***** COLLECTED DATA *****
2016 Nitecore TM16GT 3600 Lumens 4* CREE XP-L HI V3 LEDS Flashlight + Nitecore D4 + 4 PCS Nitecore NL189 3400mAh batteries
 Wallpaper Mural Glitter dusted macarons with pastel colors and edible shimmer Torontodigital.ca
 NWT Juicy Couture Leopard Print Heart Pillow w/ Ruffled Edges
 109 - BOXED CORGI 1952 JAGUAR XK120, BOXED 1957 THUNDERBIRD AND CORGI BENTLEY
*****
* [TASK INSTRUCTIONS] Every line from the one that holds "NWT Juicy Couture" to the end of the data above should be given again exactly, with that line and the last one both kept.

* [COMPLETED TASK]
 NWT Juicy Couture Leopard Print Heart Pillow w/ Ruffled Edges
 109 - BOXED CORGI 1952 JAGUAR XK120, BOXED 1957 THUNDERBIRD AND CORGI BENTLEY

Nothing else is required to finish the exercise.